[Short web captions]
* * *

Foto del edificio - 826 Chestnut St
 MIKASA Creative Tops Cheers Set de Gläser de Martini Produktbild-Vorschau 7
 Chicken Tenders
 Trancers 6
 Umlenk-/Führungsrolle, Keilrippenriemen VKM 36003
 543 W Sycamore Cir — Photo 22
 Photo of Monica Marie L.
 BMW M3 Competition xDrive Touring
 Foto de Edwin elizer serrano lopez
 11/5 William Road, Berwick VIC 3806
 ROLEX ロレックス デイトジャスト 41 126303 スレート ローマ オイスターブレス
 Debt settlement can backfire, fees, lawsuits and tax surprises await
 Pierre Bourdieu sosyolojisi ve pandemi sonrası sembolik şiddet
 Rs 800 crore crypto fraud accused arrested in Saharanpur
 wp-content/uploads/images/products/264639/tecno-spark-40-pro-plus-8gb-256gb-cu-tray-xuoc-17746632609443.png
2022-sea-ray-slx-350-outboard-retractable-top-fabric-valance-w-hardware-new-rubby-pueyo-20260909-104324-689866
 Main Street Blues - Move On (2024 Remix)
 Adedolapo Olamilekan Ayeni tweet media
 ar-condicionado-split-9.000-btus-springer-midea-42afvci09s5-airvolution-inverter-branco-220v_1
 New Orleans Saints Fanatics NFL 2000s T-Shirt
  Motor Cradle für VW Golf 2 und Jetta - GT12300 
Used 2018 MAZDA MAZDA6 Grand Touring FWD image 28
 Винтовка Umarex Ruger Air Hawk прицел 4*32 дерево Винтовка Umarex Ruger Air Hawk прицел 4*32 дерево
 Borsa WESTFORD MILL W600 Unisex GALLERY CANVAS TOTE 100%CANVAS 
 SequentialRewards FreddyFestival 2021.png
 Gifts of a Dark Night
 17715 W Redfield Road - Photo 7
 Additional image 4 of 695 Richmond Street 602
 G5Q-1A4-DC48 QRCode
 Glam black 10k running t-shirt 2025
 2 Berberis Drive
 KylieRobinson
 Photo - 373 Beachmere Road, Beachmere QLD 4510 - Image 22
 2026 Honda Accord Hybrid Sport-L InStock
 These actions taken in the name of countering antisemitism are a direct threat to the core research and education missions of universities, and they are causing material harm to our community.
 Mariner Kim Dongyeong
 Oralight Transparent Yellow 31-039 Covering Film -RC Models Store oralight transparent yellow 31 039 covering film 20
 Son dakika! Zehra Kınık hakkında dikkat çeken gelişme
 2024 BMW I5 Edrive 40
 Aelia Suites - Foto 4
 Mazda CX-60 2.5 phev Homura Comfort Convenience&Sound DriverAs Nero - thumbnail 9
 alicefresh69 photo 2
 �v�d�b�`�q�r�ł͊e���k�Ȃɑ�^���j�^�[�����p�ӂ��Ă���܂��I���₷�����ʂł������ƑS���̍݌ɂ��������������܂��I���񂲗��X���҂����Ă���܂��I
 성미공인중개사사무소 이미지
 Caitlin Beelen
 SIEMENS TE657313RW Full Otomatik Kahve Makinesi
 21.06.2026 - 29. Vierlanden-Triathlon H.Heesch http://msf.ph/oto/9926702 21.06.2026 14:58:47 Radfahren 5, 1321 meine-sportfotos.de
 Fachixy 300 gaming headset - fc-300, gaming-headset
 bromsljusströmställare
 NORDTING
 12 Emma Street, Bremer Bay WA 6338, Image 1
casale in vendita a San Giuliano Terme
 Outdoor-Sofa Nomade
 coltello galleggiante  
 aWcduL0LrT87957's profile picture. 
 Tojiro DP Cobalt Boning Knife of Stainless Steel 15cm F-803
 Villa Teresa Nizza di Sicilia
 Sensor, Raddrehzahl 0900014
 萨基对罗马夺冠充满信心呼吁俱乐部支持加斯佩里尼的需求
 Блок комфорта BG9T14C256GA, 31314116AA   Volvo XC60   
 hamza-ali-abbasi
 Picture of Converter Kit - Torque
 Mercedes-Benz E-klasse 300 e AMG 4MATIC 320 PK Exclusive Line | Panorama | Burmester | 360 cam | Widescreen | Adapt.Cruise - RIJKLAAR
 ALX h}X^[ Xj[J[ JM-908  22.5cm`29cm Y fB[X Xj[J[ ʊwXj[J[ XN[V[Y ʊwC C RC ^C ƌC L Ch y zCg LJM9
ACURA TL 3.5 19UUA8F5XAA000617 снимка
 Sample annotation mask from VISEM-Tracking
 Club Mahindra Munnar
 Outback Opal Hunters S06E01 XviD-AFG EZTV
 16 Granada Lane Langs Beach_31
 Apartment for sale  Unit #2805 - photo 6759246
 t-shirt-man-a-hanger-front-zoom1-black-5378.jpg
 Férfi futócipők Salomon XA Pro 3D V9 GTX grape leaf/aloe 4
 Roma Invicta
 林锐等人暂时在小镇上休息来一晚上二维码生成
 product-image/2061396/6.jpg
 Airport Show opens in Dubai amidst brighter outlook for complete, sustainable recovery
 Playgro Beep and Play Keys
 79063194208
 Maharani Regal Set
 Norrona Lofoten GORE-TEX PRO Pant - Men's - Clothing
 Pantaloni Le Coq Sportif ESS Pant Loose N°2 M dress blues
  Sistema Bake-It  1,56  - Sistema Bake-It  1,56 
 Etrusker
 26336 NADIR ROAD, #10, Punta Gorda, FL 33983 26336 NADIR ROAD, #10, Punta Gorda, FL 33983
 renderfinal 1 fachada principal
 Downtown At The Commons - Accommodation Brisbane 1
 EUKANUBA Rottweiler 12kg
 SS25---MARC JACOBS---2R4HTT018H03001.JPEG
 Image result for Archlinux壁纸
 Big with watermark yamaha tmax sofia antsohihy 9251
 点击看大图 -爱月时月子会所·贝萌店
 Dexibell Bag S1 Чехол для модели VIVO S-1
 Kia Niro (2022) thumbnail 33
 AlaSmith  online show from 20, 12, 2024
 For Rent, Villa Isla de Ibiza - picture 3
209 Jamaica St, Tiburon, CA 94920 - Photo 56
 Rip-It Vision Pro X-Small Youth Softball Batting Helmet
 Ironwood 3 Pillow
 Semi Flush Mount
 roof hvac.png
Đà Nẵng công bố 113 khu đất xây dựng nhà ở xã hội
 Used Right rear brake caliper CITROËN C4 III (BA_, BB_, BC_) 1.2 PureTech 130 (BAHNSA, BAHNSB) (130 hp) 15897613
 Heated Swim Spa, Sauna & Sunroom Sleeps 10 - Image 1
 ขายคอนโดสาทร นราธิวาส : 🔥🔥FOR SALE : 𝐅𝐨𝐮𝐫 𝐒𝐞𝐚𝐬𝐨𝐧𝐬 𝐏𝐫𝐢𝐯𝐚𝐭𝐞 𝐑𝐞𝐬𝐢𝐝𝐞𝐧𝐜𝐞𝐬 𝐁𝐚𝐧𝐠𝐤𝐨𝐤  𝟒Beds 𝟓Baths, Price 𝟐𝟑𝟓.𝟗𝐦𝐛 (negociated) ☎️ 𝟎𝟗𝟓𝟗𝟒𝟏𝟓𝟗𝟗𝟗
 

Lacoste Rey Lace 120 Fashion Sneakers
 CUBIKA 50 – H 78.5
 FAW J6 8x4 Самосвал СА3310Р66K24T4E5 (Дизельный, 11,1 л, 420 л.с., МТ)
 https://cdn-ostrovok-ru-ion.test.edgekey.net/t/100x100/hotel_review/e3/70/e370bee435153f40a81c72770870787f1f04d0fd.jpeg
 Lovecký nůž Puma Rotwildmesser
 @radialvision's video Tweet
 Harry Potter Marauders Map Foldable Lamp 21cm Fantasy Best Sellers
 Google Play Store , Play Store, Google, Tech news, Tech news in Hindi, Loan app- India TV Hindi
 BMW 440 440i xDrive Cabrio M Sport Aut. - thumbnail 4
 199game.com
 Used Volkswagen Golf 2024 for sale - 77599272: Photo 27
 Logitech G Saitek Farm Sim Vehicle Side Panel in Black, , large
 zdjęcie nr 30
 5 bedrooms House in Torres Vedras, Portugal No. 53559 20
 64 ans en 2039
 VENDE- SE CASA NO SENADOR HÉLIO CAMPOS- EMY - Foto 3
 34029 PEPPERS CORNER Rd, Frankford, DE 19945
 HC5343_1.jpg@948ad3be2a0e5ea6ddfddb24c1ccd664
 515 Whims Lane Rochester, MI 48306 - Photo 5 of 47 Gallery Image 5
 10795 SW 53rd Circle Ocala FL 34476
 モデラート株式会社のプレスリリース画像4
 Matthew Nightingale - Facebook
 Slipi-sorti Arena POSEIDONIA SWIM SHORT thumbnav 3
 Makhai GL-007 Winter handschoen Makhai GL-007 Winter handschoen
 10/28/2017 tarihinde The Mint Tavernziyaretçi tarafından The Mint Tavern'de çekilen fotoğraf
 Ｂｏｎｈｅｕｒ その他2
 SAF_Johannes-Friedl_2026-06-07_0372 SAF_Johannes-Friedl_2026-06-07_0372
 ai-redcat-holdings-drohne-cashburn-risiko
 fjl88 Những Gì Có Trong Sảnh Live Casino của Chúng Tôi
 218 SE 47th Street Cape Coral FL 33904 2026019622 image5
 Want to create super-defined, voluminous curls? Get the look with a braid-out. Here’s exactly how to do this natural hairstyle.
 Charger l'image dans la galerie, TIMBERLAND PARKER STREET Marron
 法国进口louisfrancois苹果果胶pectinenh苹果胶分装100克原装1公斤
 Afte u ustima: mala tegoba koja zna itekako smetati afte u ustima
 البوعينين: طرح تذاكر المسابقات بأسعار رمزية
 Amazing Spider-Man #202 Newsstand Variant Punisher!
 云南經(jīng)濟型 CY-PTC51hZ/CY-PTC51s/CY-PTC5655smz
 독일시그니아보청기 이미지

* * *

All lines of the entries containing the string "Lane" must be shown in full.

Response box
 16 Granada Lane Langs Beach_31
 515 Whims Lane Rochester, MI 48306 - Photo 5 of 47 Gallery Image 5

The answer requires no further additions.